# Exercise prompt:
When you repeat the entries, reproduce each line exactly and omit every picture.
......
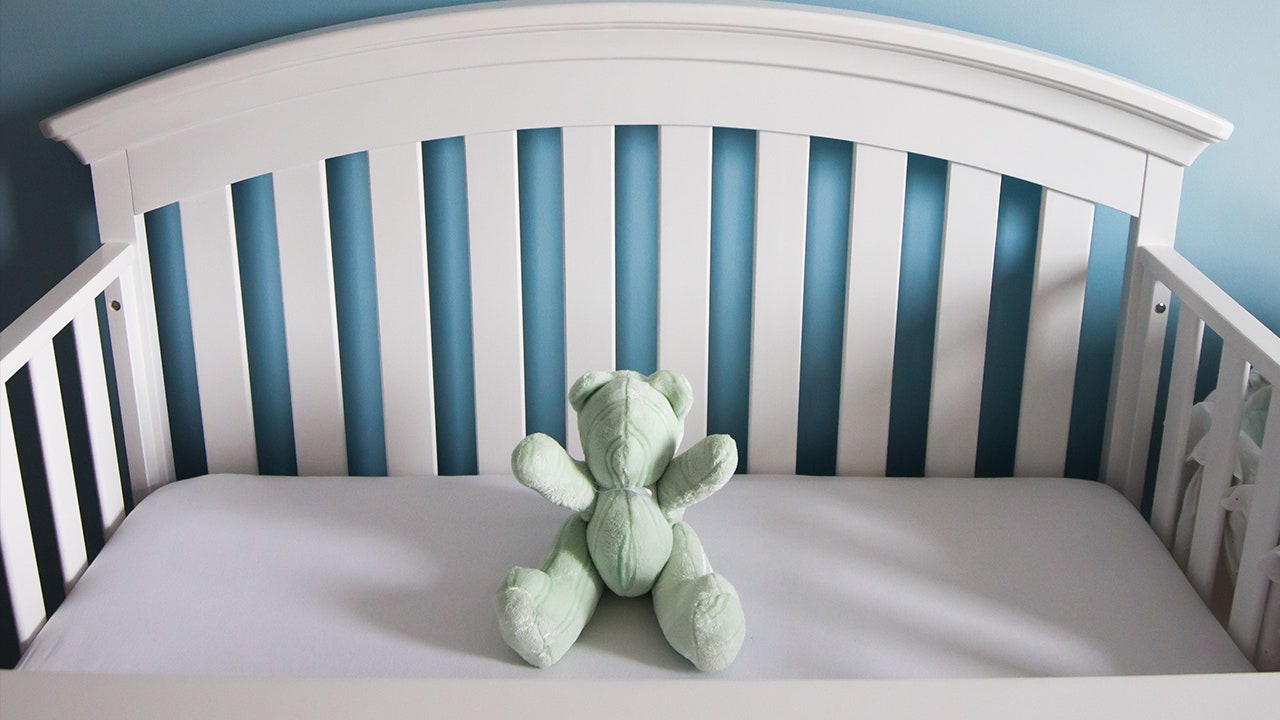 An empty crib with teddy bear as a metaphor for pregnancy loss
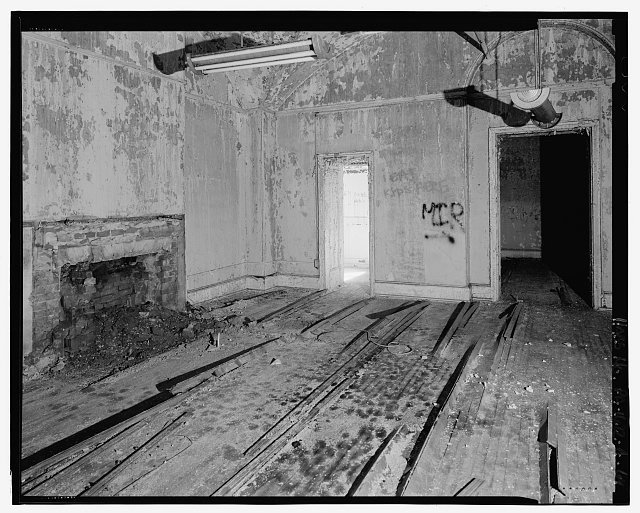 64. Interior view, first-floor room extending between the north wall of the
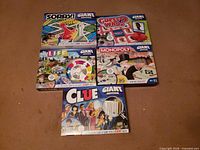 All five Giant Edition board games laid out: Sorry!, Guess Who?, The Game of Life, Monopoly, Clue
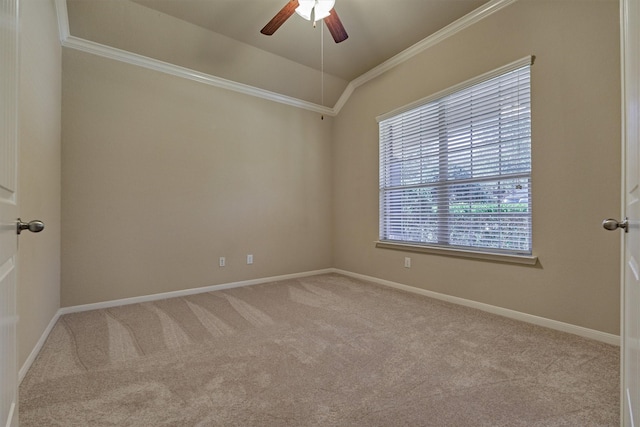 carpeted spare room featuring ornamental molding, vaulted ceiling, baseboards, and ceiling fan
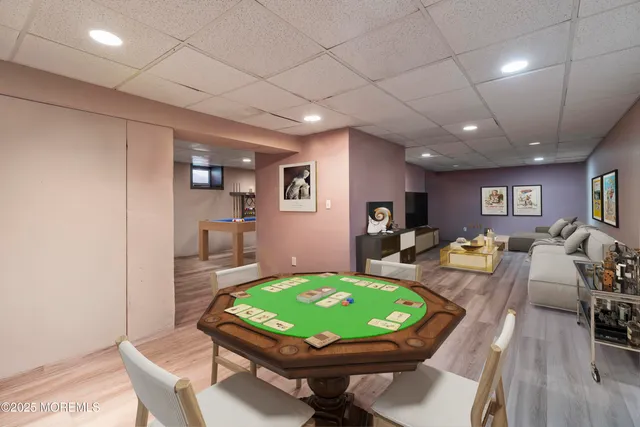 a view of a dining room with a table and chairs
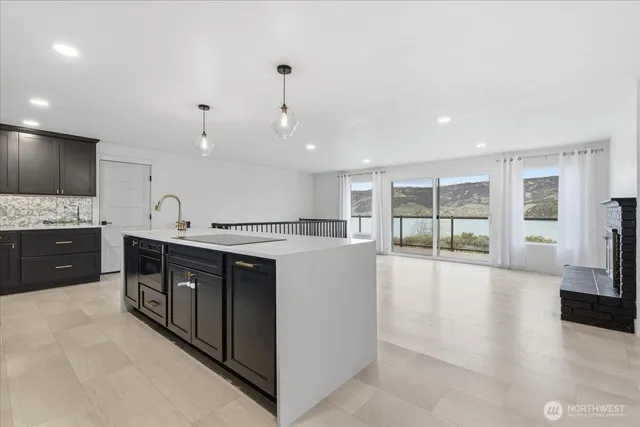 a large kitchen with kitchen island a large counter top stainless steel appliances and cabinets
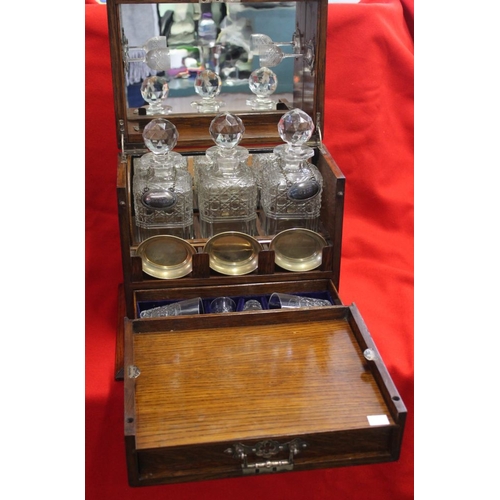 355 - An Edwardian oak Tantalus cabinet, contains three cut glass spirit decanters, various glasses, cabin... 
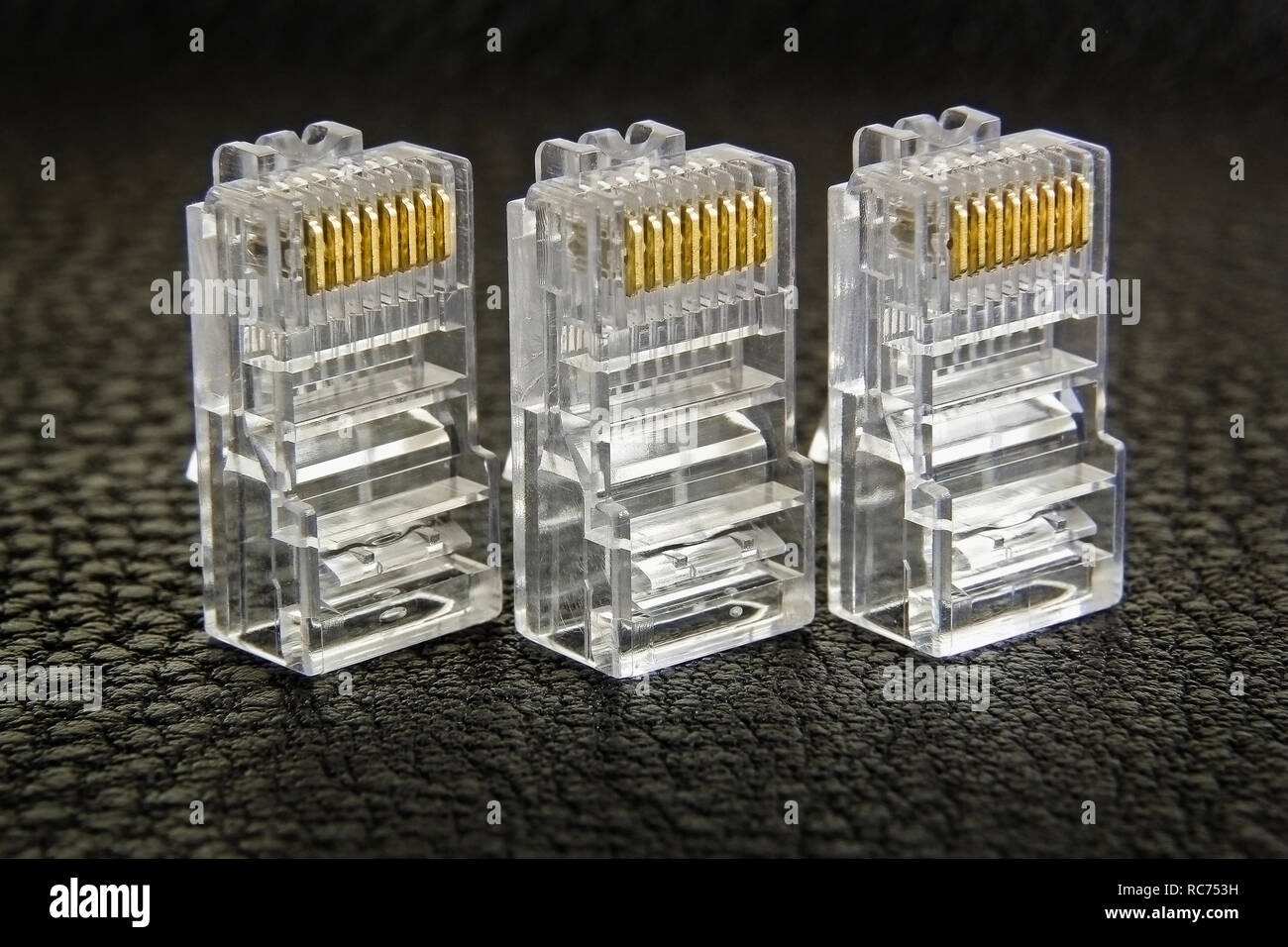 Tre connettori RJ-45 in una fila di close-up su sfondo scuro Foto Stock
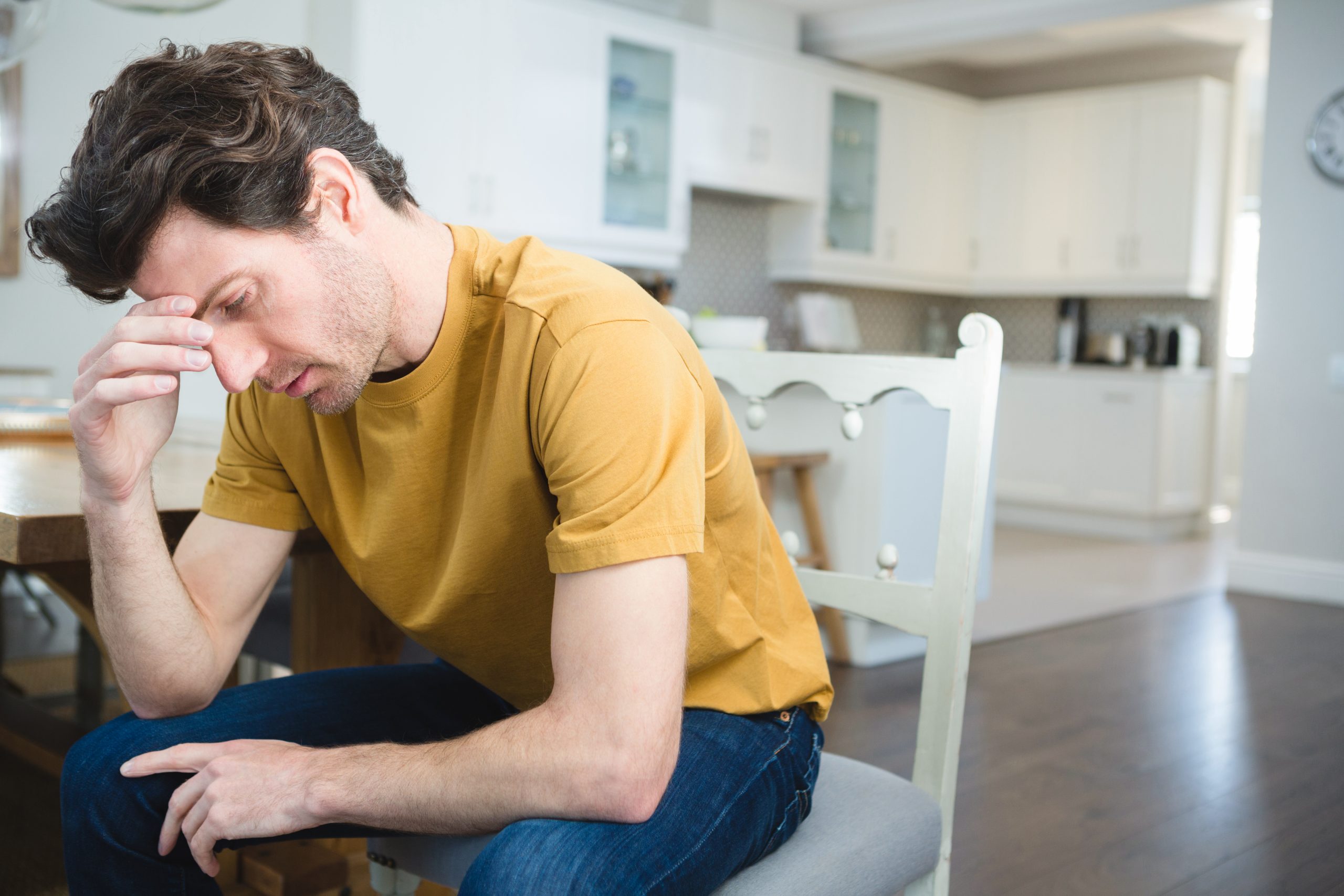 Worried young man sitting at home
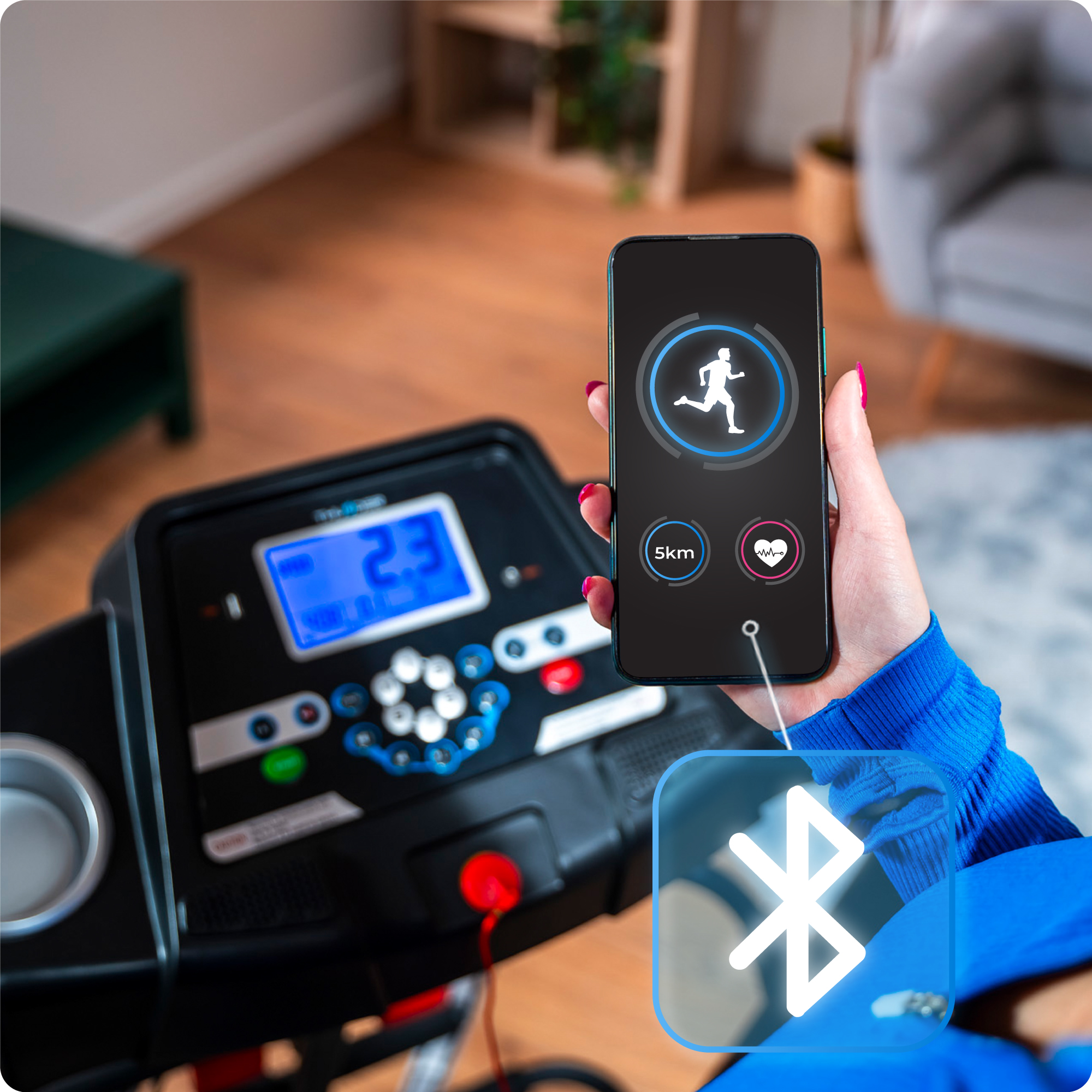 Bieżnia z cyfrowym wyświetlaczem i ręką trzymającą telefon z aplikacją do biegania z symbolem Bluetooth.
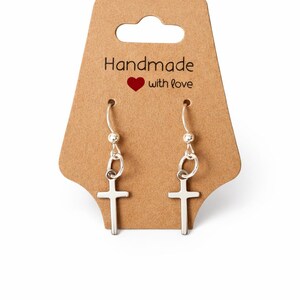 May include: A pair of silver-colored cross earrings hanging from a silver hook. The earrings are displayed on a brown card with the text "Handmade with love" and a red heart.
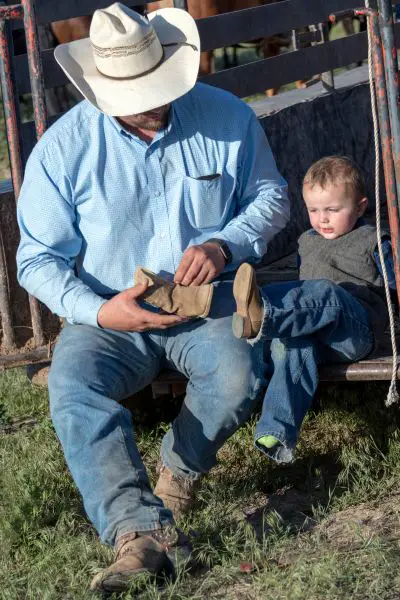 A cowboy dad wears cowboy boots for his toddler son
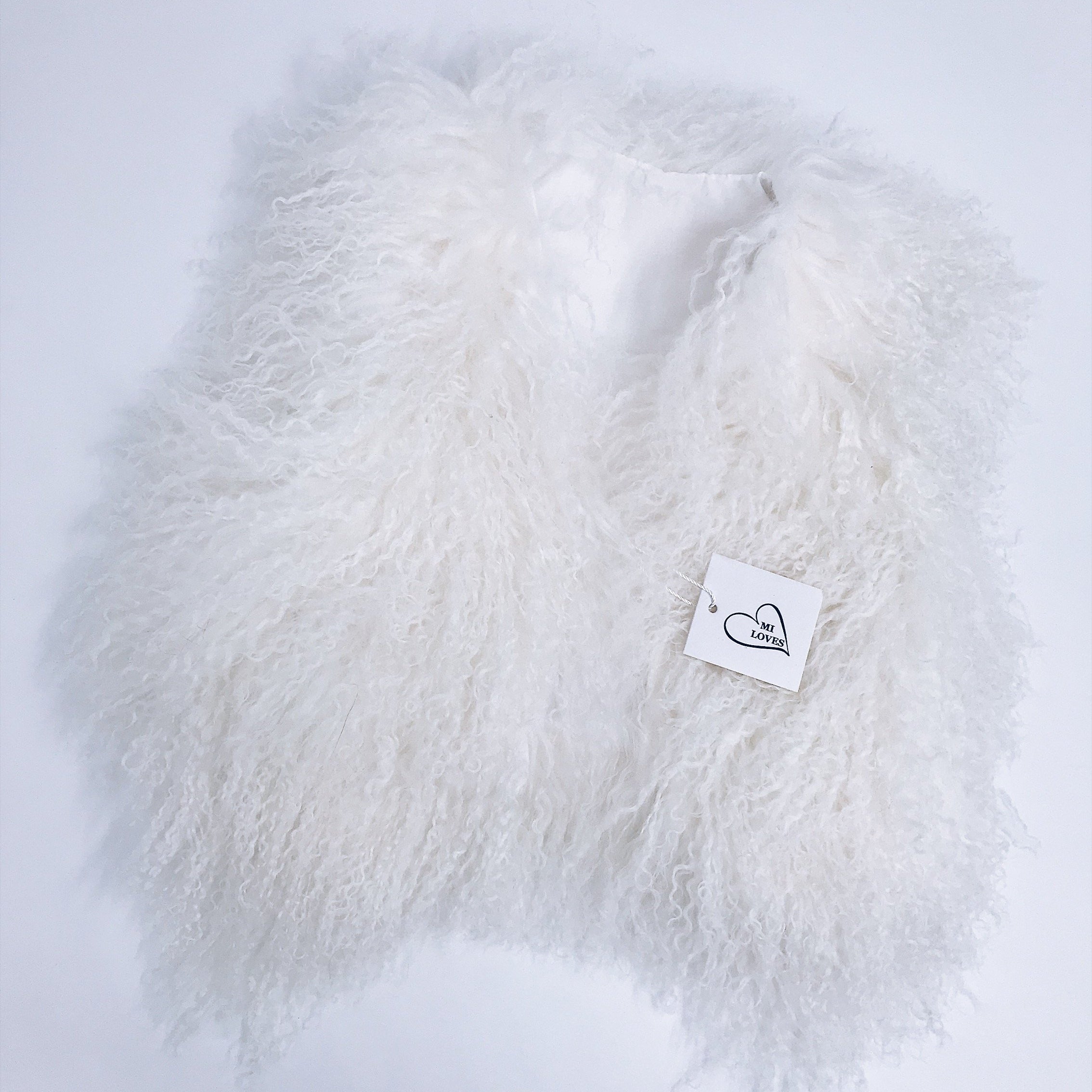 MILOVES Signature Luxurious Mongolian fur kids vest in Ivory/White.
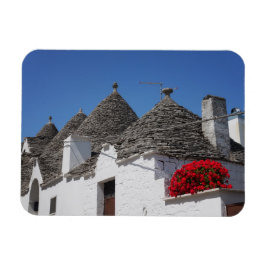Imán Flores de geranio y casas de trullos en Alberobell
......
# Expected output:
 An empty crib with teddy bear as a metaphor for pregnancy loss
 64. Interior view, first-floor room extending between the north wall of the
 All five Giant Edition board games laid out: Sorry!, Guess Who?, The Game of Life, Monopoly, Clue
 carpeted spare room featuring ornamental molding, vaulted ceiling, baseboards, and ceiling fan
 a view of a dining room with a table and chairs
 a large kitchen with kitchen island a large counter top stainless steel appliances and cabinets
 355 - An Edwardian oak Tantalus cabinet, contains three cut glass spirit decanters, various glasses, cabin... 
 Tre connettori RJ-45 in una fila di close-up su sfondo scuro Foto Stock
 Worried young man sitting at home
 Bieżnia z cyfrowym wyświetlaczem i ręką trzymającą telefon z aplikacją do biegania z symbolem Bluetooth.
 May include: A pair of silver-colored cross earrings hanging from a silver hook. The earrings are displayed on a brown card with the text "Handmade with love" and a red heart.
 A cowboy dad wears cowboy boots for his toddler son
 MILOVES Signature Luxurious Mongolian fur kids vest in Ivory/White.
Imán Flores de geranio y casas de trullos en Alberobell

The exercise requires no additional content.